Il souleva le menton de la demoiselle pour mieux regarder cette tête à la face lisse comme une banquise.

« Pour moi tu n’es pas étrange, si tu veux savoir. Tu es quelqu’un de super sympathique qui me donne envie de te connaître encore plus parce que je t’apprécie déjà, tu vois ? Laisse les autres juger car seuls les imbéciles décident de ressembler aux autres pour mieux se fondre dans la masse. Seuls ceux qui acceptent d’être différents des autres se font remarquer et ont de la valeur. »

Il sentait qu’il allait se faire des ennemis mais il s’en fichait totalement. Quelqu’un le regardait, lui jetait un regard mauvais, mais qui ? Ça Juaquim n’en savait rien néanmoins il était prêt à s’en découdre si jamais le gugusse venait à le provoquer après les cours du lendemain à seize heures et demi, le temps de manger une barre chocolatée et de vider deux-trois Capri Sun avec la paille. Ouais. Lorsque Alex se mit aussitôt à lui demander de parler un peu plus des livres qu’il aimait, le mexicain ne put s’empêcher de sourire de plus belle avec des yeux mouillés. En effet, il avait l’impression d’avoir trouvé quelqu’un avec qui il pourrait le plus clair de son temps à enquiquiner, allant la voir tous les jours pour lui demander des nouvelles et tout…. Ils étaient différents sur plusieurs points et ça il le sentait, mais d’un autre ils avaient des points communs qui pourraient faire leur force. Récupérant sa main il répondit ;

« Je t’avoue qu’un monde un peu foufou est toujours plaisant à voir, quelle que soit l’œuvre. Je t’avoue que si nous vivions dans un monde où il y a des créatures fascinantes, aussi bien des petites choses poilues qui ressemblent à des bigoudis avec des pieds, des villages remplis de personnages en porcelaine, et tout pleins de trucs dans ce genre, je ne serais pas là à étudier mais plutôt dehors à jouer Dora l’Exploratrice… et je t’emmènerai avec moi pour jouer…. Gerbillebouche. Ou « Bille-Bouche » plutôt. »

Il ria encore un peu avant de reporter son regard sur le livre du Magicien d’Oz.

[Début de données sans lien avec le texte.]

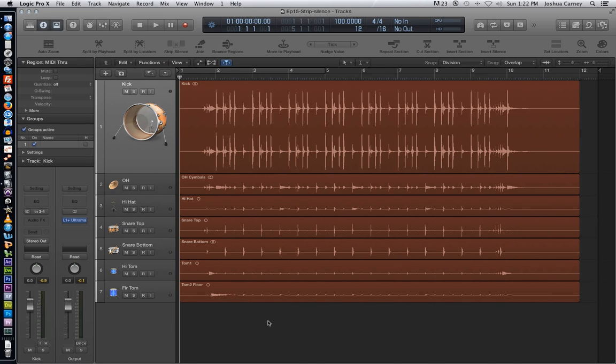Hello, this is Music Tech Help Guy. Welcome to episode 15 of my Logic Pro 10 video tutorial series. In this video, we'll take a look at strip silence, a cool little editing feature in Logic.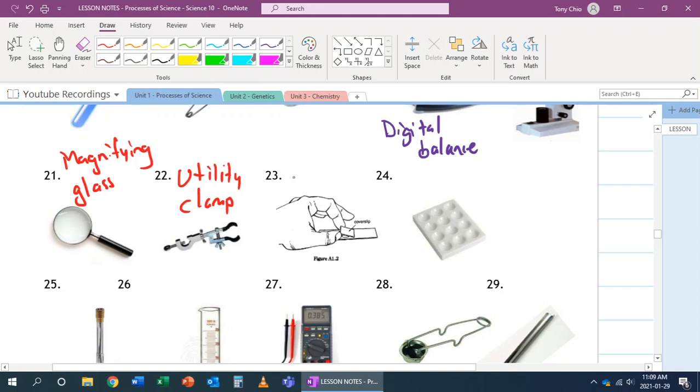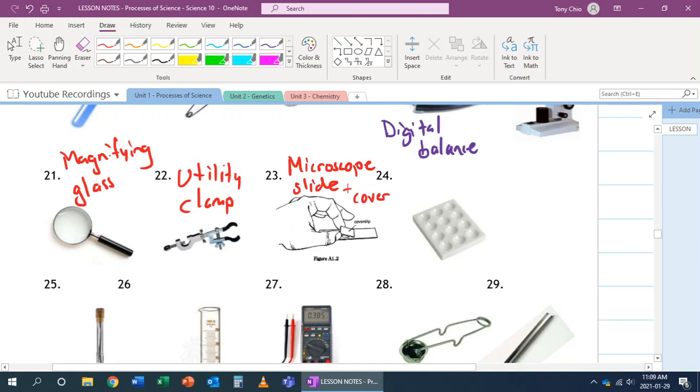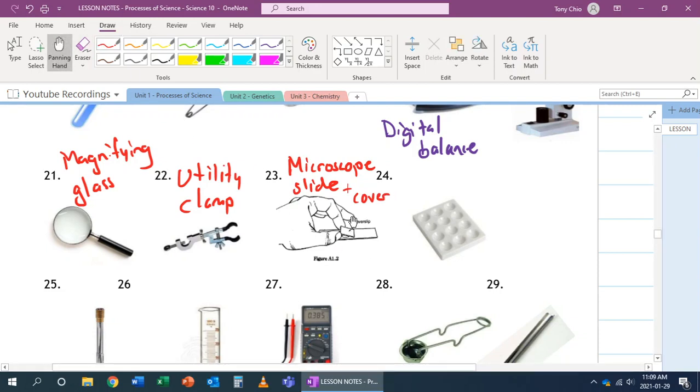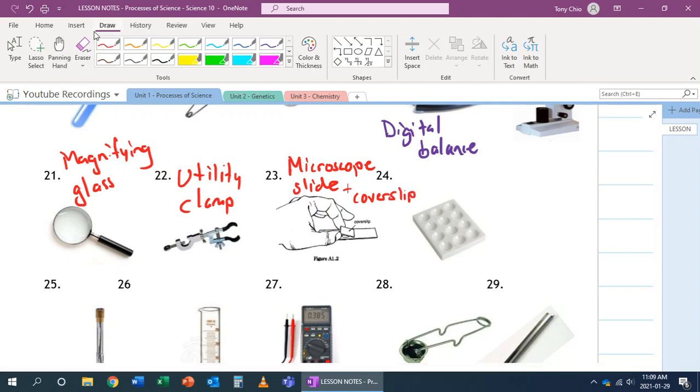Number 23 is called a microscope slide. And also, the little tiny piece on top, that's also called a cover. And it's where you can put a specimen on there, put the cover on it, the cover slip in this case, and thus, because of that, you can now look at this object through a microscope.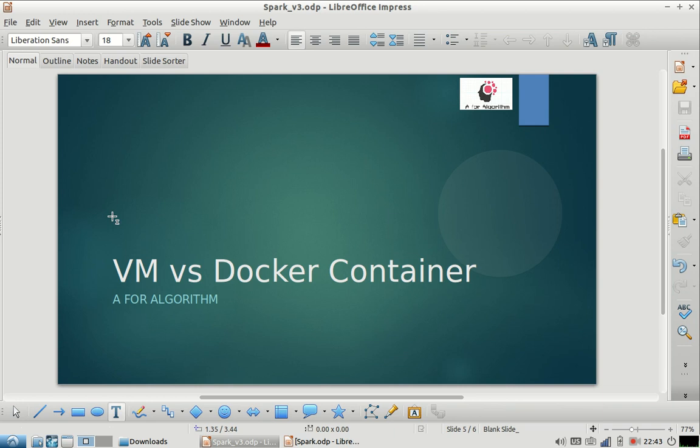Hello everyone, welcome to my channel. Today's topic is what is the difference between a virtual machine and a docker container. Many people have asked this question to me, and whenever I'm having discussions with people, this is a very basic doubt that they have.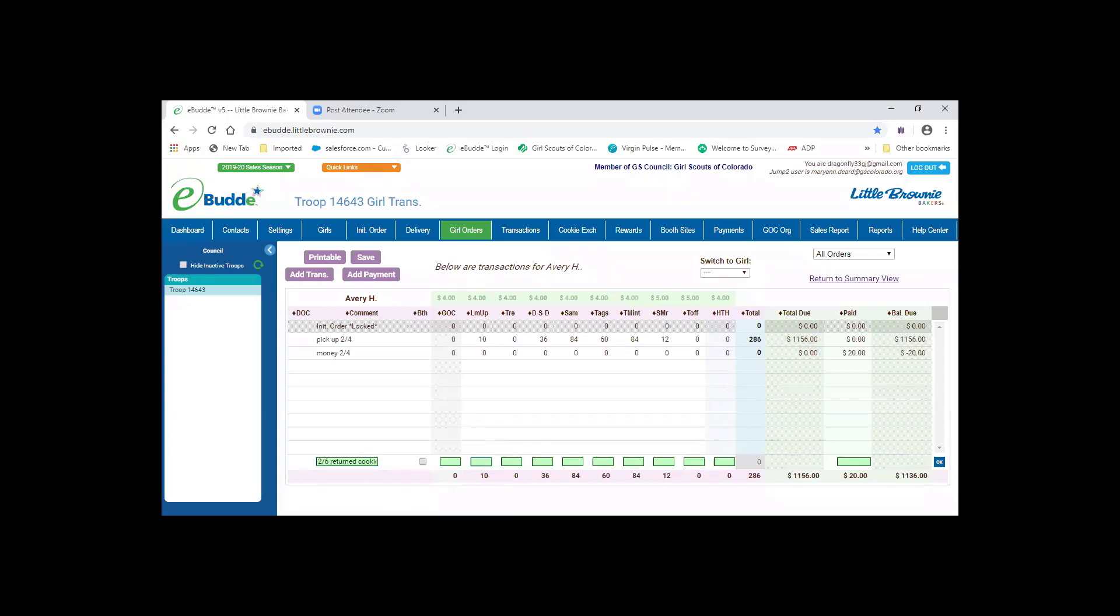If someone is returning cookies to you, it's going to be a negative number. So say Avery brought back five packages. What you do is put a negative five in there. And if she brought back 10 packages of this flavor, which is Samoas.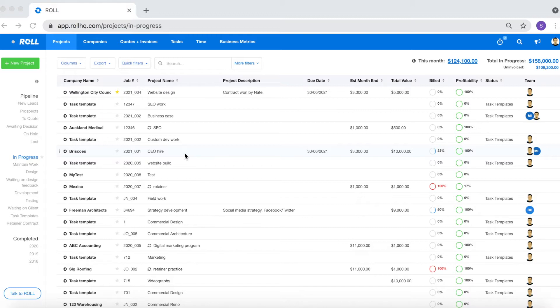In the second part I'll cover what you can do with the time that you've logged. Throughout this tutorial I'll be using this Wellington City Council website design project to show you how to do these things.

« La vie serait meilleure. Mais soit, on n’y peut rien si notre monde est comme ça, non ? »

Même si en soit il vivait une certaine forme d’aventure ; après tout, il devait étudier avec des gens qui pouvaient à tout instant le manger. Malheureusement ce n’était toujours pas assez pour le garçon qui en avait marre de devoir se lever le matin pour aller en cours en faisant attention à ne pas être trop brusque avec sa queue de lion pour ensuite étudier le soir, faire ses bêtises habituelles et aller se coucher. La vie était monotone pour lui. Juaquim se retourna à nouveau vers la demoiselle.

« Et toi alors ? Dans quel type de monde tu aimerais vivre ? »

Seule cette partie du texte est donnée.